We figured out that Max’s “didge” was in the key of C. Did Nick know a song in the key of C? Of course. Did Nick know a song in the key of C about Australia?……
OK. I have to get my camera. Otherwise no one will believe this story.
What a fun night! I think it was 10pm before I finally got to eat some noodles, but it was well worth it.
Tuesday, September 19th
A pretty lazy day. Rain was falling when I awoke, so I was in no hurry to depart my maroon cocoon. (How have I not used that phrase yet!)
Jeff and Max shared some French press coffee as well as some oatmeal. We got to talking again and continued for some time. The previous night, Max had been adamant that I should be marketing my journey more intentionally. He used the word “inspiring” to describe it. Maybe I’ve heard that word before, but the way he said it really made me believe it.
Our discussions were great. We limited the conversation to simple topics like God and quantum computing. They were both really sharp guys.

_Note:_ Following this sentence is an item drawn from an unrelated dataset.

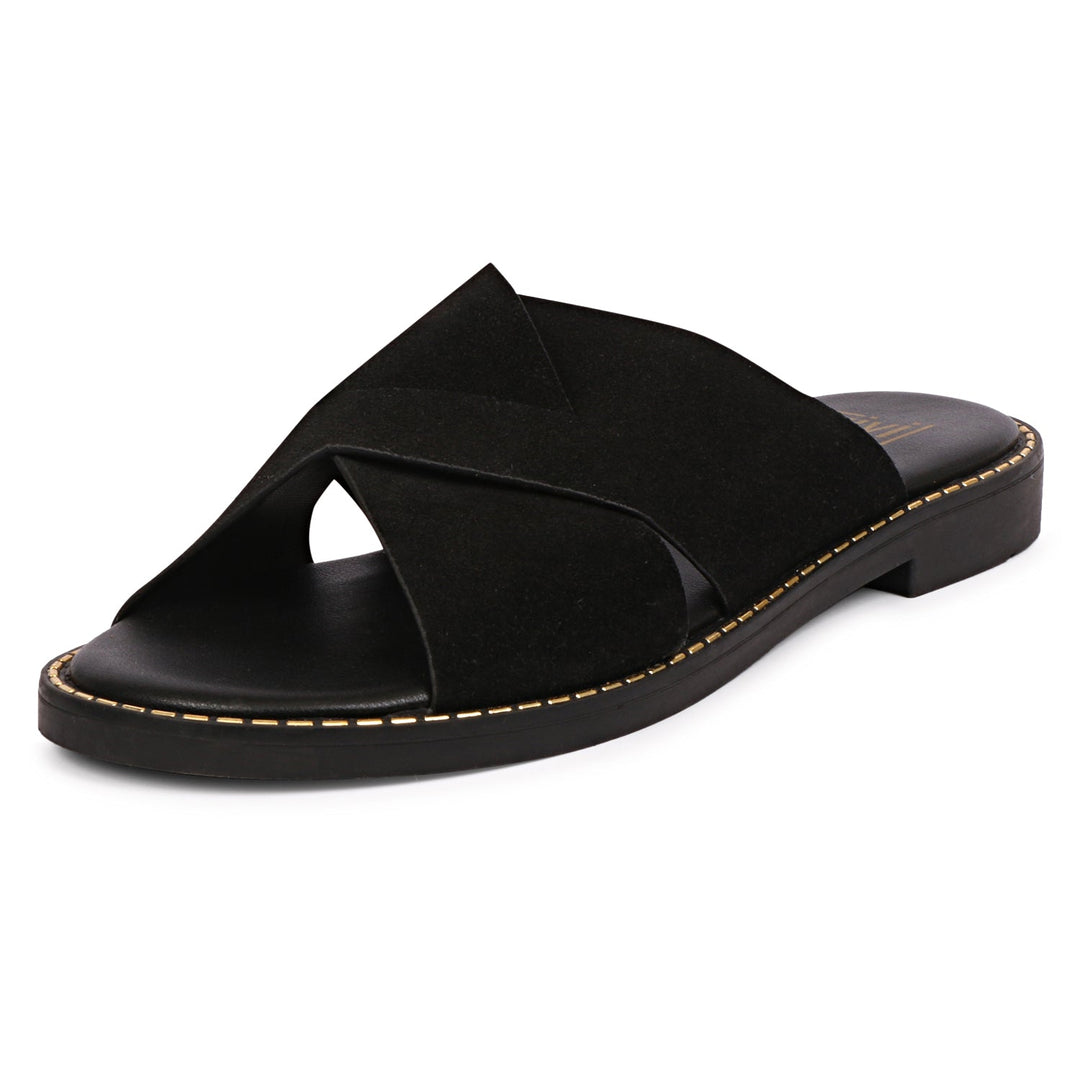 Vivi Blu - Guam Flats Footwear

We finally exchanged info and parted ways. Jeff invited me to come on a kayaking trip once I get to Florida (that is his job). He said that work would be slow with the hurricane(s), so he would have time to take me out. I’m looking forward to it!
Has there ever been a picture of three guys more likely to utilize a free campsite?

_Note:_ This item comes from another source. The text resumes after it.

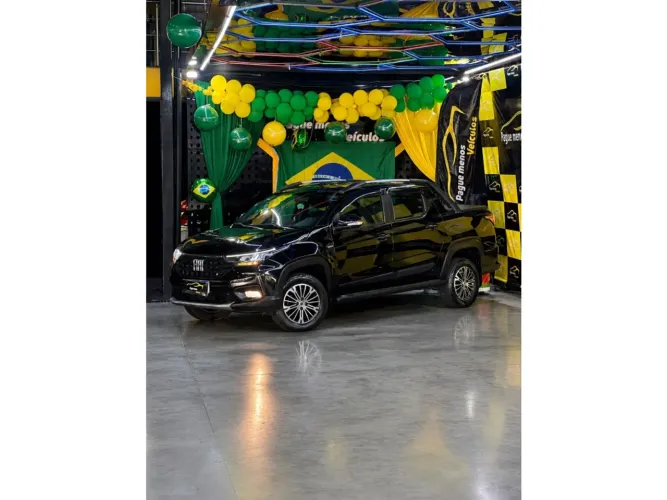 Fiat Strada Ranch 1.3 Flex 8V CD Aut. 2022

Before riding away, I went to thank Don, my gracious host. His campground really is free (though, be warned, you will feel compelled to leave a donation). The only thing he requires is that you must sign his guestbook: Draw a picture, tell a joke, write down your website. 🙂 He wants to remember his guests. I think he really enjoys hearing all of the stories.

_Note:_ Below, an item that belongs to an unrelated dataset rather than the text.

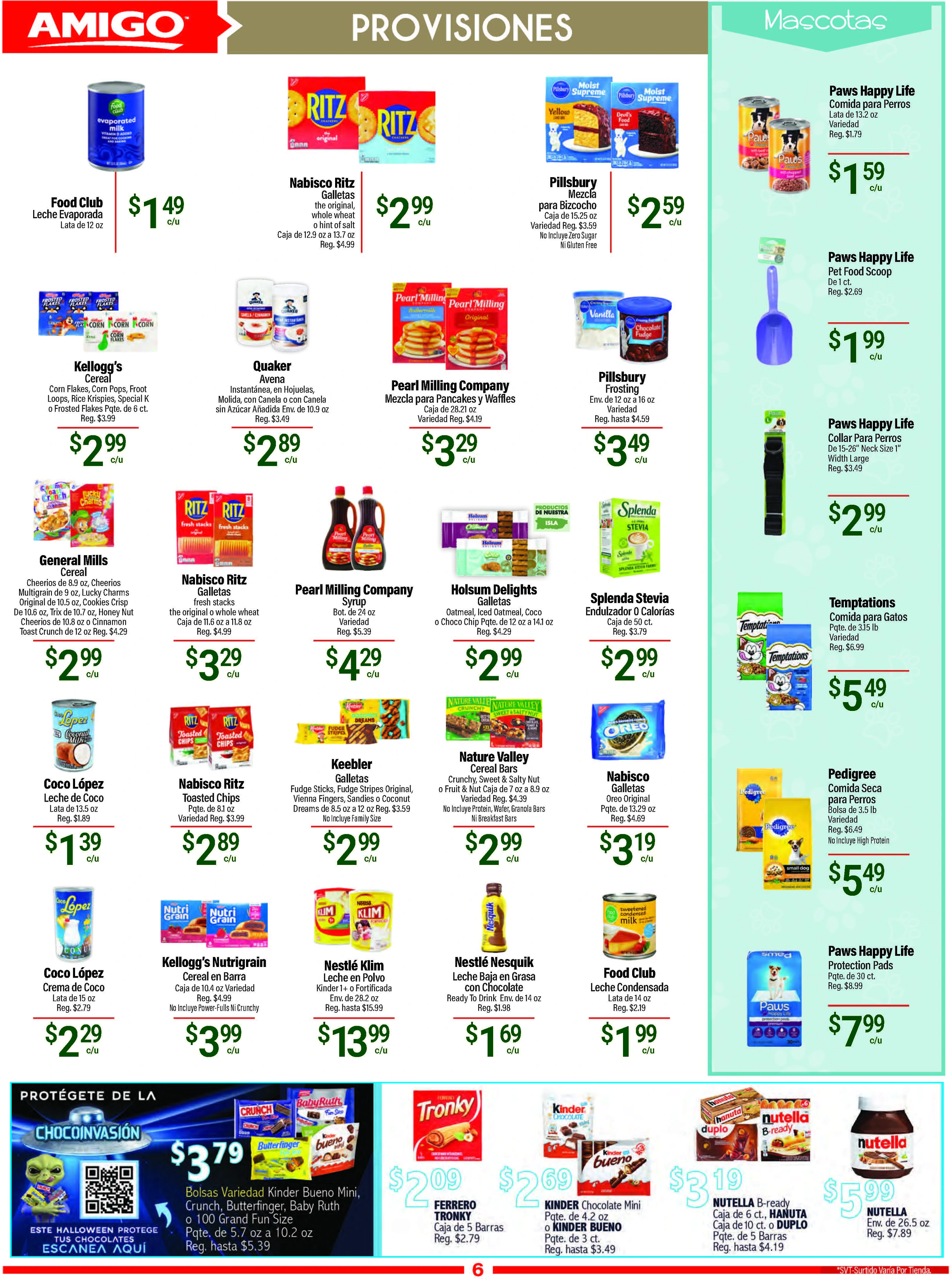 Amigo Weekly Ad - Page 6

I asked him about the history of the place, how he ended up being the proprietor of a free campground. Part of it was wanting to give tourists another option, as most lodging/camping in the area is really expensive. But what he said next really resonated with me. (I’m reproducing the quote the best I can remember):
“You know, there’s a lot of hate and evil in the world; but if we can all just help each other out a little bit, I think the world will be much better place.”
I don’t know what the path to world peace is, but it might just run through this little patch of land in New Brunswick. Hey, stranger things have happened. 🙂
Max, Jeff and I actually had the same destination next: The Hopewell Rocks. This is an area that has one of the biggest changes of tides in the world (up to 50 feet!). At Hopewell Rocks, you can actually walk on the ocean floor.
I arrived around noon, right at high tide.
I sat and worked while I waited for the moon to lose its grip a bit. The beach was open around 3:30. I tried to get a picture at the exact same spot. How did I do?
It was a nice stop.
Time to head out. To where? To home, in a sense. I set a goal of crossing back into the US by days end.
The ride on country roads was nice. Less so once I got on the freeway, but I was starting to get a bit concerned about my remaining daylight. The rest of New Brunswick passed without incident.
I crossed the border at…..I have no idea what time it was. I’ve been in way too many time zones. I just knew that I was probably not going to get set up in the daylight. The border guard was really nice and did not take the lone apple that I was carrying.
I headed for a spot called Reversing Falls park. The free camping website said that camping was “neither encouraged nor discouraged.” Might as well put out a welcome mat for me!
This looks legit:
I got set up on some inclined lumpy ground. Less than perfect, but it was nice to be “home.” I can’t begin to explain what a benefit it is to have access to mobile internet when on a trip like this. Being able to pull up weather radar and forecasts, accurate satellite maps, videos of cats being weird….it really is a great benefit!
Thanks for reading!
Realtime update: In a library in Watertown, NY. I have decided to head across New York state, solely to check off Buffalo. It is out of the way, but will allow the rest of this loop to take an efficient path.
I’m still struggling a bit with my mentality and enthusiasm. I’ve been on the road for nearly four months and I can feel it wearing on me. I think being behind in my recording of this trip might be part of it, so I’m planning a few low mileage days to hopefully catch up. Thanks again for all of the prayers and support!